Benjamin Mayfield (c. 1831–187?) was a cowboy and a miner who killed the outlaw John Mason.

==Early life==
Benjamin Mayfield, the second son of American pioneer farmer William Mayfield and his first wife, was born in Illinois in about 1831. His father moved the family to Texas in 1837, where he and his older brother John grew up in Washington County and his brother Thomas Jefferson Mayfield was born in 1843. There his other died sometime before his father was married to his second wife Mary Ann Curd on March 16, 1848.

When Benjamin was 18, in 1849 his father moved the family again to California, with a U. S. Army wagon train but were sent back to avoid the danger to civilians from the Lipan Apache on the trail and they then took a six-month trip by ship from Galveston around Cape Horn to reach California. After they landed at San Francisco, William took his family to the southern end of the San Joaquin Valley, then Mariposa County, now Tulare County to a place at the confluence of Sycamore Creek with the Kings River, (about 1.5 miles above modern Trimmer, California). There Ben and his older brother John helped his father build a cabin, put in crops and began mining.

Mary Mayfield died in December 1850, and in 1851, William Mayfield left eight-year-old Thomas to be raised by the Choinumni, the friendly Yokuts tribe living across the river from his cabin, while he and his two older sons left to engage in mining and raising cattle for the next 10 years. With his father and brother Benjamin ran cattle and horses through most of the San Joaquin Valley, captured wild horses on the west side of that valley and fought Monache on the east side, his father becoming well known throughout the valley.

William Mayfield died on April 9, 1862, leading Tulare County militia in the Battle of Mayfield Canyon early in the Owens Valley Indian War. After his death Benjamin went to Southern California and became a miner in the Lytle Creek mines.

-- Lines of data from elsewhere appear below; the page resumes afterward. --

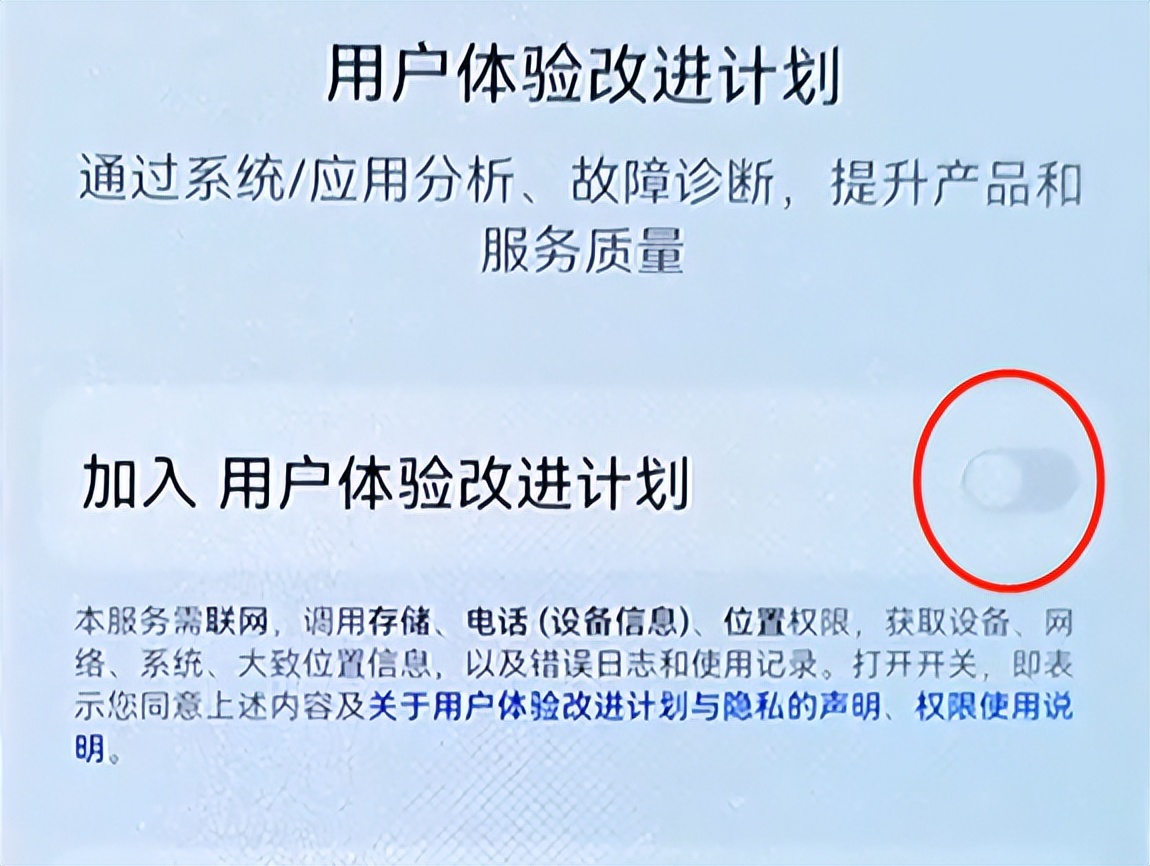 手機(jī)下一秒就推什么？教你關(guān)閉這三個(gè)設(shè)置，防止手機(jī)被“監(jiān)聽”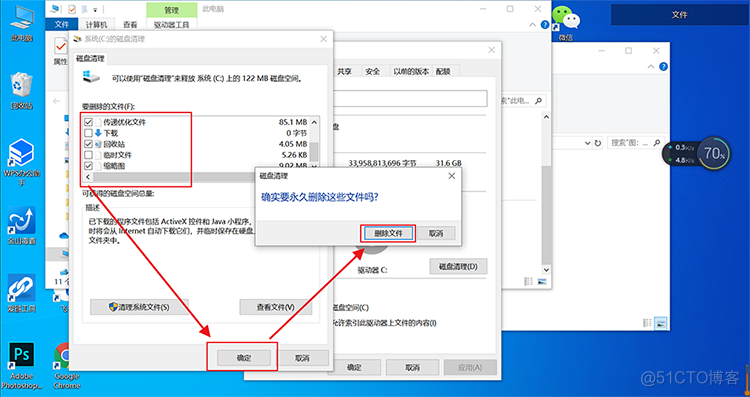 desktop内存不足 空间不足电脑_电脑计算机软件硬盘不足_03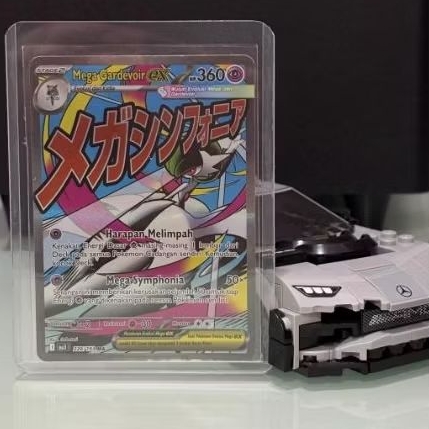Mega Gardevoir EX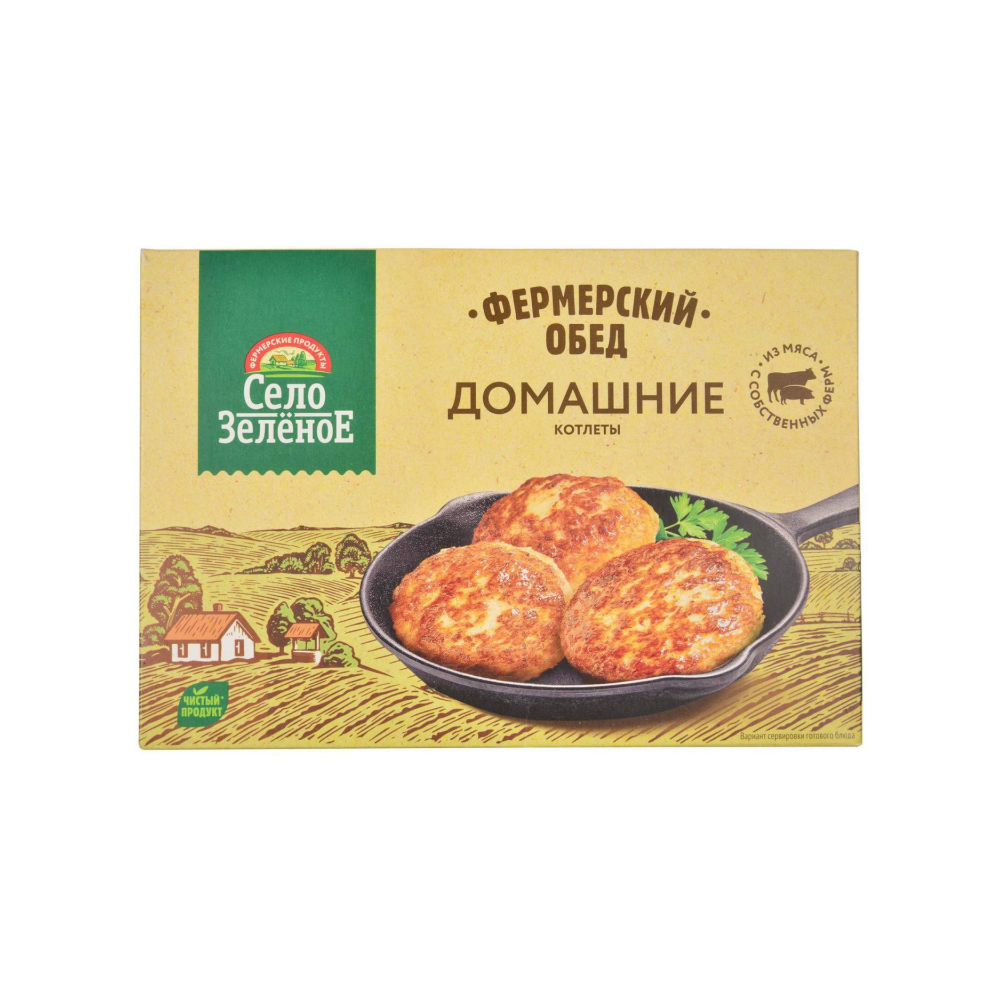 Котлеты Домашние 500гр замор. Зеленое Село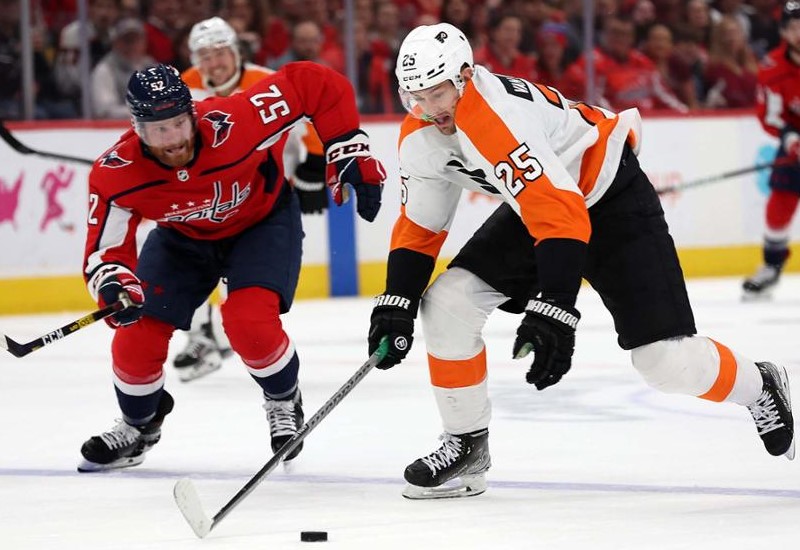 Filadelfijas Flyers, hokejazinas.com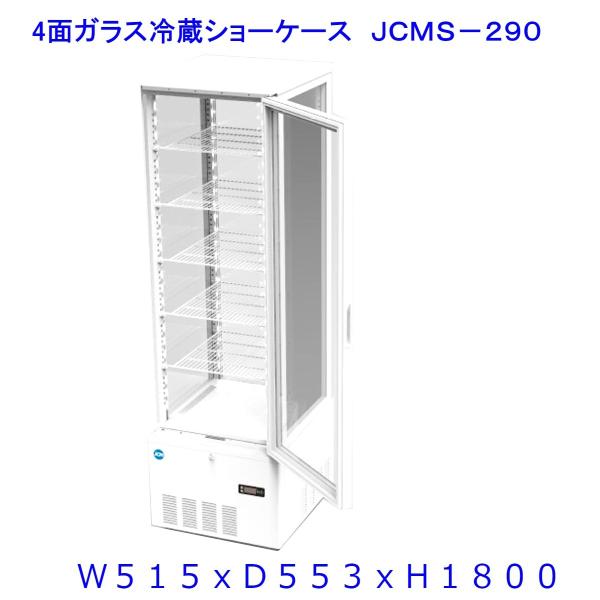 【送料無料】【新商品・未使用】279L (片面扉) 業務用 4面ガラス 冷蔵ショーケース 冷蔵庫 大...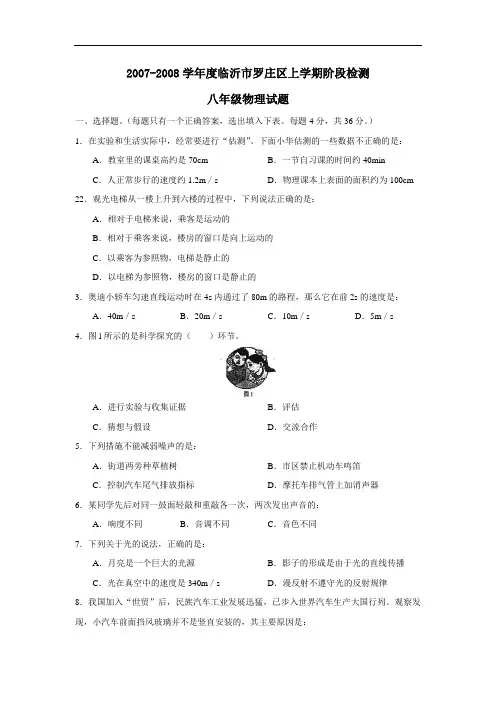 度临沂市罗庄区上学期八年级阶段检测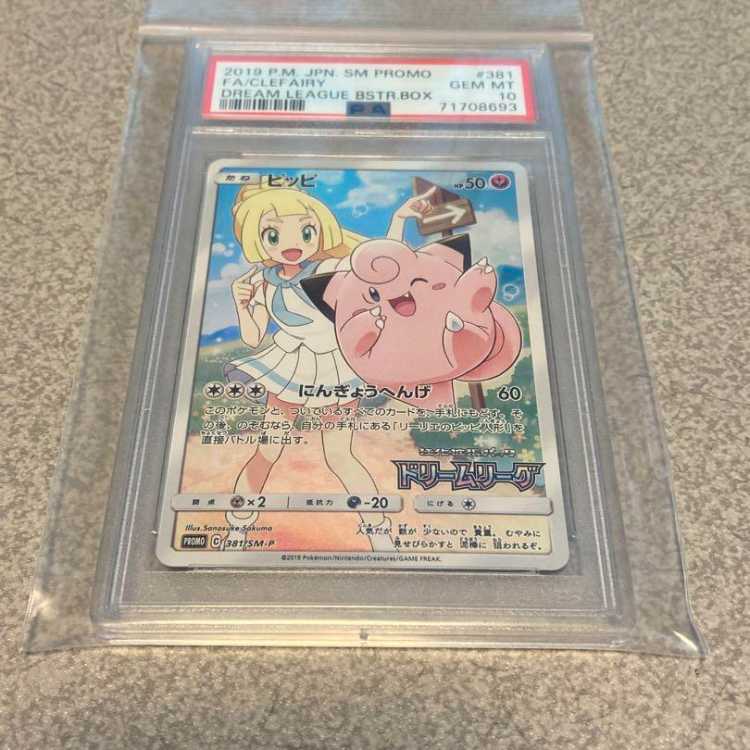 ポケモンカード ピッピ CHR プロモ PSA10 リーリエ (Used) （937088588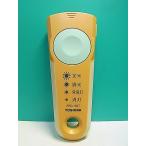 S185-364* Toshiba TOSHIBA* освещение дистанционный пульт *FRC-155T* крышка нет отправка в тот же день! с гарантией! быстрое решение!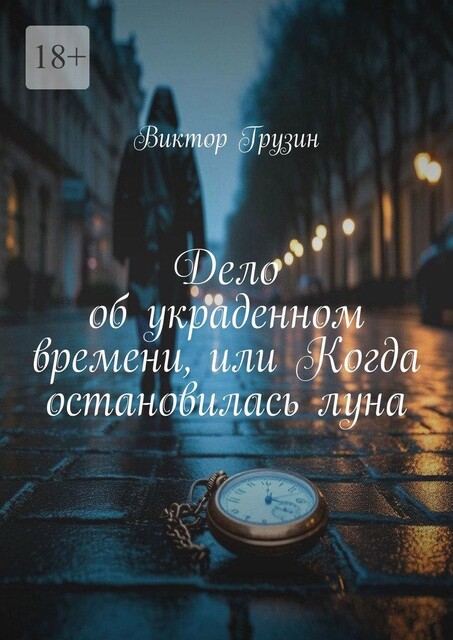 Дело об украденном времени, или Когда остановилась луна, Виктор Грузин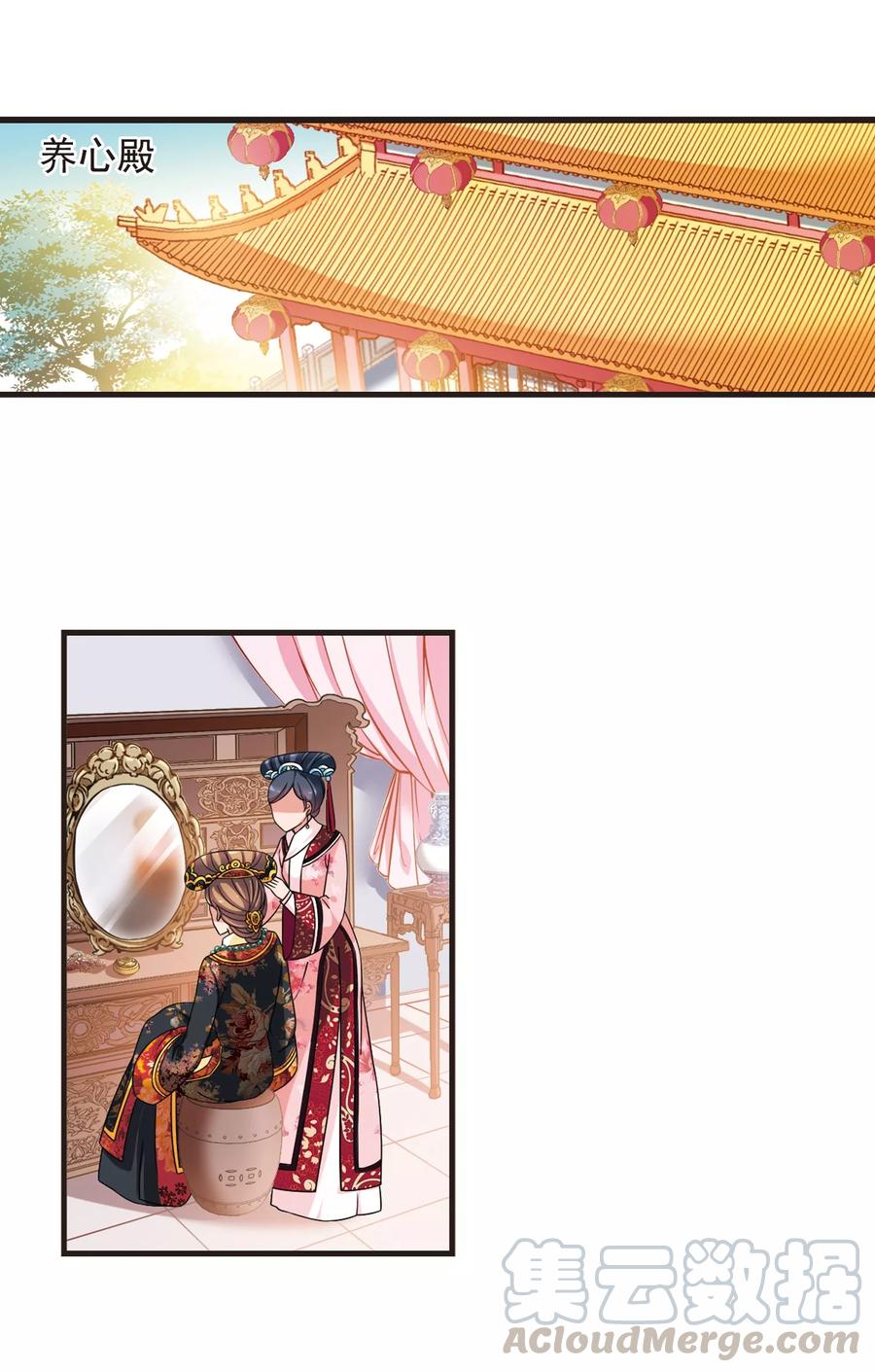 妃夕妍雪444话 疫病流行1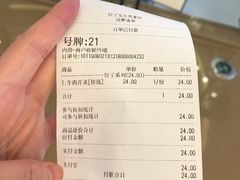 账单-饺子先生(世豪店)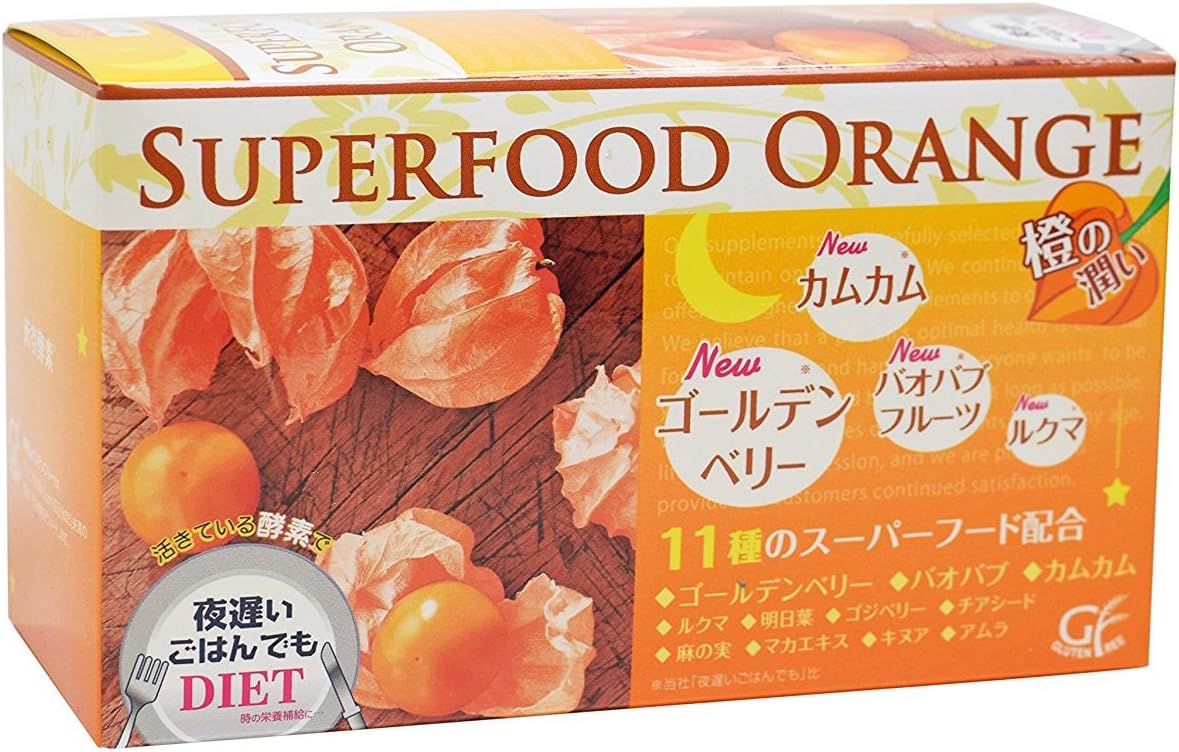 Amazon 新谷酵素 夜遅いごはんでも Superfood Orange 新谷酵素 マルチ酵素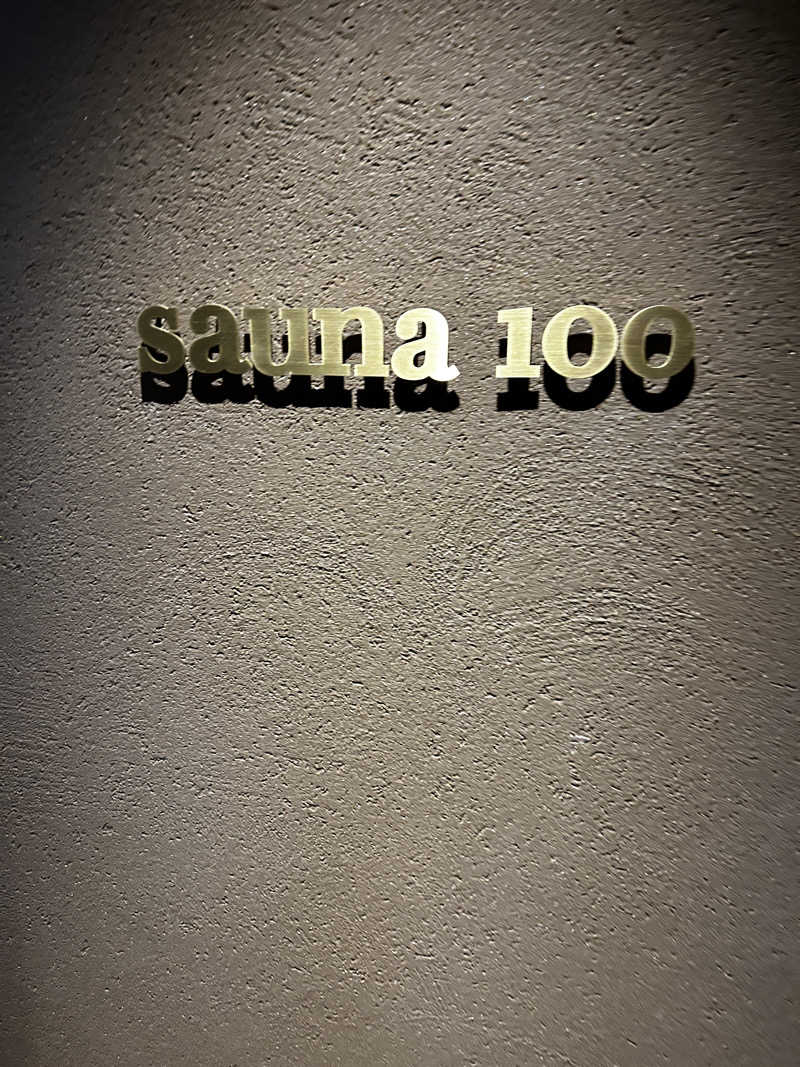 nihinihiさんのsauna100のサ活写真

==Killing of John Mason and the Trials of Benjamin Mayfield==
In April 1866, the outlaw John Mason intercepted and joined Benjamin Mayfield on the ride to Fort Tejon from his mine in Lytle Creek. Benjamin knew of him and that there was a $500 reward on Mason's head. However Mason was also protected by the large number of pro secessionists in that part of the state, that made collecting the bounty dangerous. Mason later tried to recruit him into his gang. When Ben refused, Mason threatened to kill him. Mason had also threatened to take the horse of another man W. H. Overton and kill him. That night while the three were in the same house, none went to sleep but in the early morning Mason lay down on his bed under a blanket, but was awake. Overton stepped out to look after his horse, then Mason tried to shoot Mayfield from his bed. Mason's pistol tangled in his blanket, giving Mayfield the chance to shoot him first. Fearing reprisal from the gang or his secessionist friends, Mayfield and Overton carried Mason out on his bed and buried them in an unmarked grave, but his body was later found.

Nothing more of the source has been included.